→ Collected material:
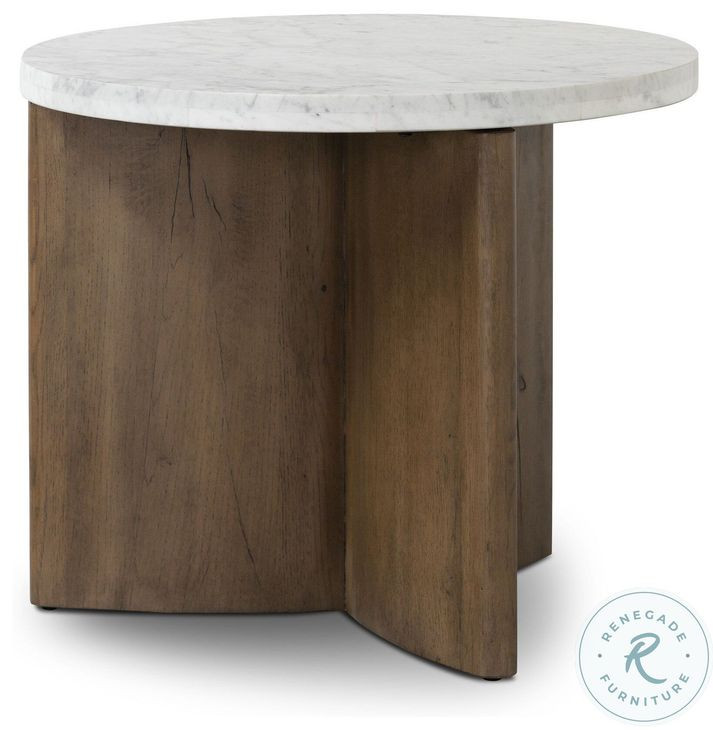 Toli Italian White Marble Round End Table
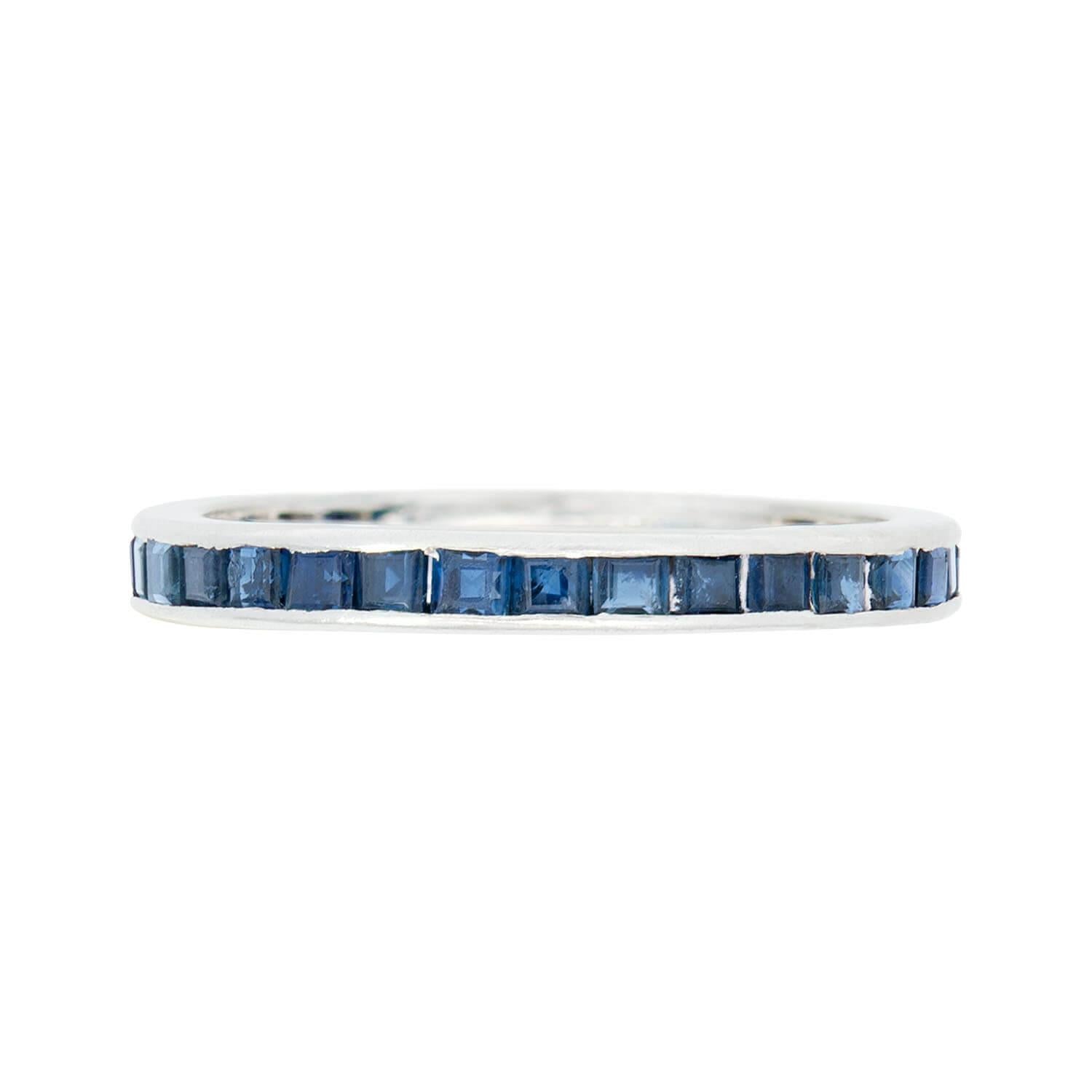 TIFFANY & CO Art Deco Platinum Sapphire Eternity Band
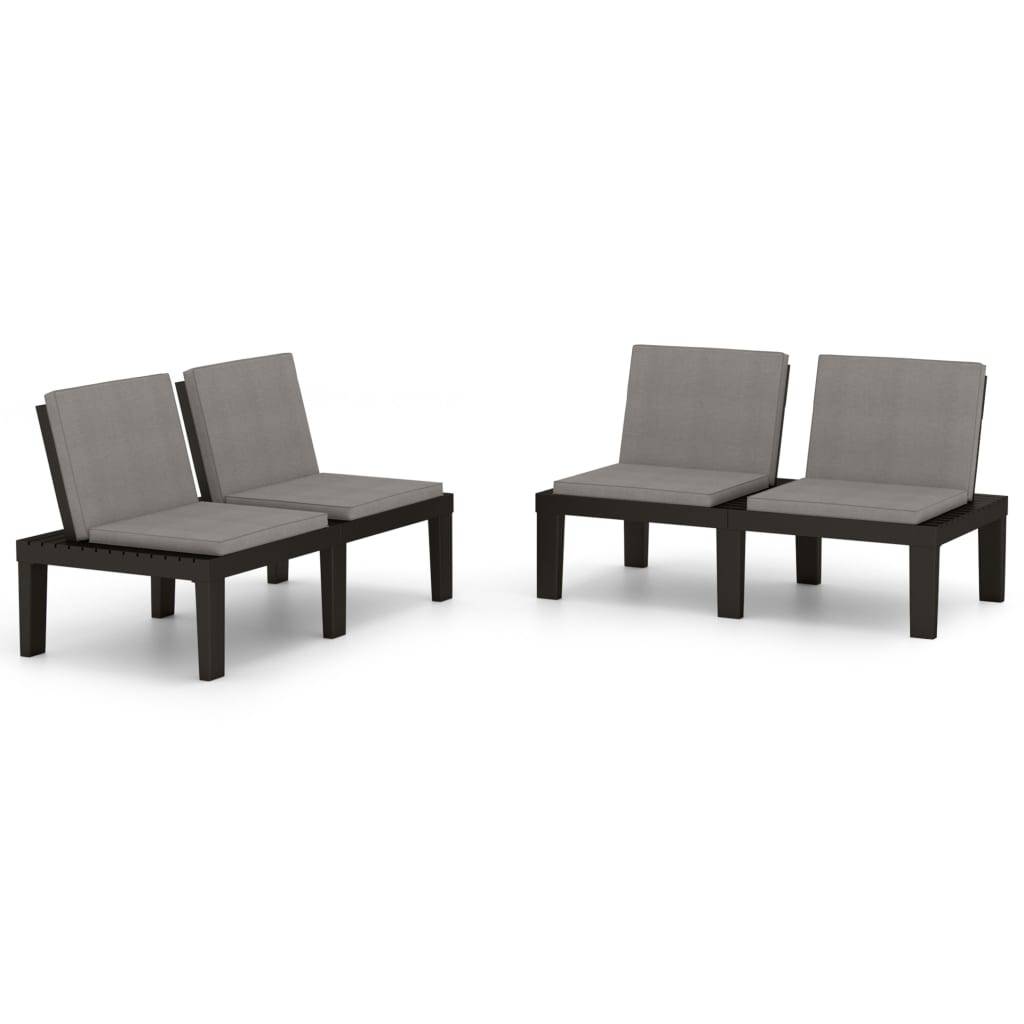 PANGIVO - Lot de 2 bancs de jardin plastique gris 130 x 65 x 70 cm - PANGIVO - Image 2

→ Brief: Exactly as written, return every line of the listing, but not the pictures.

→ Answer to the exercise:
 Toli Italian White Marble Round End Table
 TIFFANY & CO Art Deco Platinum Sapphire Eternity Band
 PANGIVO - Lot de 2 bancs de jardin plastique gris 130 x 65 x 70 cm - PANGIVO - Image 2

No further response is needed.